Tourism brought more people and more money to Delaware than ever before in 2014 making clear the growing value of the industry to the state.
New data published today shows 8 million tourists came to Delaware during 2014, up from 7.5 million in 2013. They contributed $3 billion to Delaware’s gross domestic product. That accounts for 5 percent of the state’s entire GDP.
The tourism sector is directly responsible for nearly 41,000 jobs in Delaware, also an increase from its 2013 total. One in nine workers in the state owes his or her job to tourism, which accounted for 14 percent of Delaware’s net new jobs in 2014.

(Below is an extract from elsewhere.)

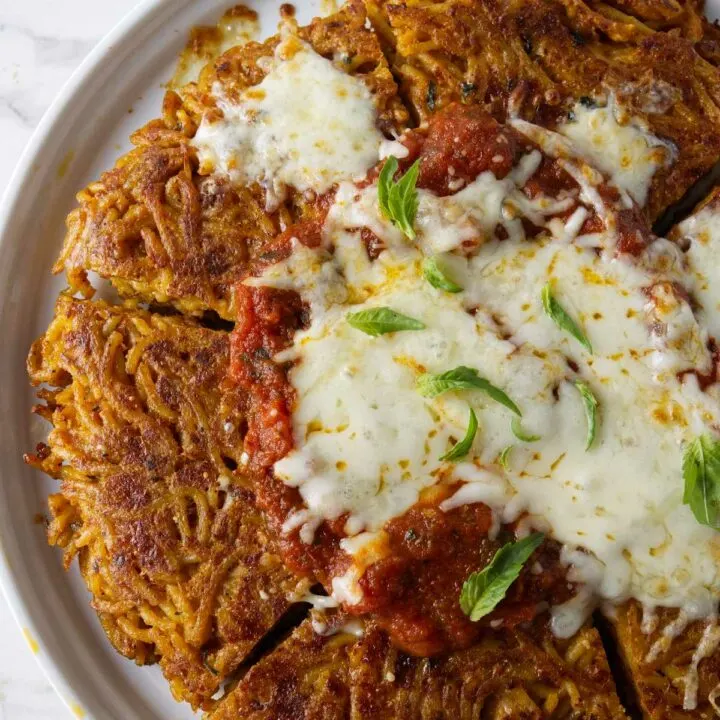 Fried spaghetti on a serving plate topped with marinara sauce and cheese.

It all adds up to tourism leading to $470 million in taxes and fees collected for state and local government, which is another jump over 2013’s number.
The rental home market continued to boom in Delaware, especially at the beaches. In fact, for the first time ever it eclipsed the $1-billion mark in Sussex County on the back of strong occupancy and rising rates. Rental revenue statewide grew 8.8 percent between 2013 and 2014.
The appeal of Delaware also spread to more parts of the eastern half of the United States. Larger percentages of the state’s tourists came from North Carolina, Massachusetts and Ohio in 2014. At the same time, pull remained strong in Delaware’s key markets. Philadelphia, Baltimore, New York, Washington, DC, and Harrisburg residents made up three quarters of visitors.
The most popular activities for tourists were shopping, dining and going to the beach. Those visitors were more sophisticated and stayed longer than the average tourist across the US. And they continued to spend heavily while in Delaware, averaging $573 spent per trip.